Max Haot, CEO of Launcher at the testing site of...

Max Haot, CEO of Launcher at the testing site of their 3D satellite launcher in Calverton. Credit: Newsday/Alejandra Villa Loarca

Launcher Inc., a space-launch startup that tested its 3D-printed rocket engines at Calverton, has been acquired by California space station developer Vast, the companies announced.

Financial terms of the deal were not disclosed.

Launcher, founded in 2017, was based at the Brooklyn Navy Yard before moving to Hawthorne, California, in 2021. While in Brooklyn, the company tested its rocket engines in 10-by-20-foot container units at the Enterprise Park at Calverton, known as EPCAL.

Vast plans to build a space station with artificial gravity that will be larger than the International Space Station, where space travelers now float in a weightless environment.

The more than 120 employees of the combined company will be based at Vast's 115,000-square-foot headquarters in Long Beach, California.

Max Haot, founder and chief executive of Launcher, becomes president of Vast, while Jed McCaleb, who founded Vast, remains the company's CEO.

Haot sold his Brooklyn-based Livestream video service to Manhattan-based IAC in 2017. McCaleb, who founded several cryptocurrency firms, has a net worth of $2.4 billion, according to Forbes.

Launcher has been developing rockets and transfer vehicles to create an economical service for putting small satellites into orbit.

 Use of 3D printing to create a liquid-fuel rocket-engine combustion chamber  is designed to reduce cost and assist in cooling, according to the company.

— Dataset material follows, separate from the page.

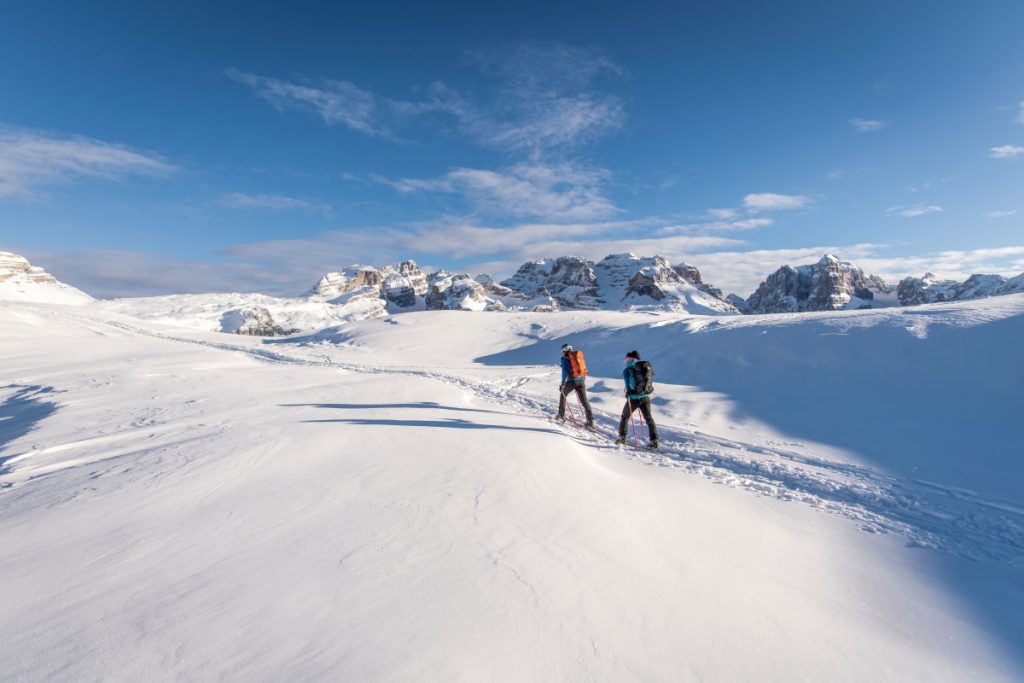 Escursioni nella neve non battuta a Madonna di Campiglio. Foto Thomas Griesbeck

In January, a Launcher orbital transfer vehicle carrying several satellites was launched into orbit by a SpaceX Falcon 9 rocket, but it failed to deploy. It stopped operating when solar panels did not generate power due to an issue with the GPS antenna system, according to a report by Via Satellite, a trade magazine

An orbital transfer vehicle, also known as a space tug, is designed to separate from a rocket and guide its satellites into their proper orbit. Customers' satellites aboard the Launcher orbital transfer vehicle also failed to deploy.